A tendering process for the appointment of the consultant would take a further two months.

Prepared timetable

Reading from a timetable prepared by the council, he said that considering the tenders would add a further two months and the waste licence application, including an Environmental Impact Statement and Natura Impact Statement, to be prepared by said consultant, would add a another six months to the process, leading to August 2018.

A further year would elapse (to August 2019) while the Environmental Protection Agency considered the application, according to the council's schedule.

Assuming a licence was granted, three more months would be taken up in preparing tendering documents for the appointment of a contractor to do the work detailed in the said licence.

The tendering process would bring matters to January 2020, while considering the tenders and making an appointment would take the council a further three months.

Upon appointment of a contractor in April 2020, cleaning waste from the illegal dump, removing one million tons of contaminated soil, back-filling the site with inert waste and then landscaping it when completed would take three years - ie, until April 2023.

It was, said Mr Connolly, “a substantial project” and his draft timetable was “very much a tentative document”.

“We need to take stock of where we are,” he told the judge, adding that “there may be a budgeting issue” for the council.

Consultants familiar with the case suggest upwards of €100 million may be needed to pay for the remediation of the site, which the council claimed to have completed in 2014 at a cost of €3.9 million but which Mr Justice Humphreys described as “botched”.
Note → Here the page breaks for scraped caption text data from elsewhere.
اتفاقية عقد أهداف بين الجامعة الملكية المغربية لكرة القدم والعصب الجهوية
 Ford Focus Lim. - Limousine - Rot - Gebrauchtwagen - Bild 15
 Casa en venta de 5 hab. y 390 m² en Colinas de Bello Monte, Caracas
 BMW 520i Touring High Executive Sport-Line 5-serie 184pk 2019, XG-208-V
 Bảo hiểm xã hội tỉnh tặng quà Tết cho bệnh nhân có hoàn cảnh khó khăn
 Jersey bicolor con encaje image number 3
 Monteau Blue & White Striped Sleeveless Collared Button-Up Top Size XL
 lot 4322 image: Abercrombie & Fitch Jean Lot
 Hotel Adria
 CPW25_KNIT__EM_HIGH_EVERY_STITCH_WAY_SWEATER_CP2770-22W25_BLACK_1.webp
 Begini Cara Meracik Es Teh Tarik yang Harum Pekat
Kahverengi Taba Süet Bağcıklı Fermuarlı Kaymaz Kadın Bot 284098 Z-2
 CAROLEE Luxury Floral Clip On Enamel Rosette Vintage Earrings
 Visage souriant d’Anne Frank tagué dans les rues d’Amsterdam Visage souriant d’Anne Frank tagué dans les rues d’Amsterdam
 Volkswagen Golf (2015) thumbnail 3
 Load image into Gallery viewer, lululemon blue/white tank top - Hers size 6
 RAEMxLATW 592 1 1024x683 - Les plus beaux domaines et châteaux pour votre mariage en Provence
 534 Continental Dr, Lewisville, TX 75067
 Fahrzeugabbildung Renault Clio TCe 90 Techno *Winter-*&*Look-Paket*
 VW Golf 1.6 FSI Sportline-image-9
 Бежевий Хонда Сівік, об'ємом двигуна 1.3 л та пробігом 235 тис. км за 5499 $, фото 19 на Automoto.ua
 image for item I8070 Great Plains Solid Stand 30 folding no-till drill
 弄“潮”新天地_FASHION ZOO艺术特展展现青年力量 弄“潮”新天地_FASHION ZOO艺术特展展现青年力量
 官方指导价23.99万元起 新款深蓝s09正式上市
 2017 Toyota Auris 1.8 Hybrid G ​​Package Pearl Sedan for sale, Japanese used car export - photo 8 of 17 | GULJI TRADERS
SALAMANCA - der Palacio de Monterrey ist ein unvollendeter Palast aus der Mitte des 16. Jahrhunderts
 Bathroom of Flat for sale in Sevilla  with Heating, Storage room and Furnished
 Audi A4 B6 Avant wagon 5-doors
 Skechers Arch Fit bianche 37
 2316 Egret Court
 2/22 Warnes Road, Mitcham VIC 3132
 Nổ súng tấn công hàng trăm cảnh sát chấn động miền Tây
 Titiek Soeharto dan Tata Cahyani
Earlier in the long-running case, between the site’s current owner, Brownfield Restoration (Ireland) Limited, and the council, the latter estimated that removing the illegally dumped waste, estimated variously to be between 288,000 tons and 1.4 million, but not the one million tons of contaminated soil, would cost about €35 million.

It was not clear where the illegal waste would go as the State’s six licensed landfill sites had caps as to the amount of waste they could take. It was not clear either that the construction industry was producing sufficient infill material to replace the illegal waste.

Peter Bland, SC, acting for Brownfield, commented that six years was being suggested to effect what was "an urgent remediation project". The public procurement card was being played, he suggested, adding that the council's draft timetable gave rise to "three potential mischiefs".

He enumerated these as delays, variables and unnecessary legal complications.

Urgency

“There can be no process that can undermine the court’s order,” he said. “This is an exceptional circumstance requiring urgency.”

He suggested it was feasible to start removing the illegal waste and contaminated soil within a month and finish that job within a year. Within a further year, it would be possible to restore the site with landscaping - “so all works would be complete within two years of today’s date”.

A further six months’ monitoring would see an end to the job, suggesting two and a half years.

Mr Justice Humphreys asked the council to discuss the situation with the EPA and return to court on Thursday with an indication as to the agency’s attitude toward the necessity or otherwise of a waste licence.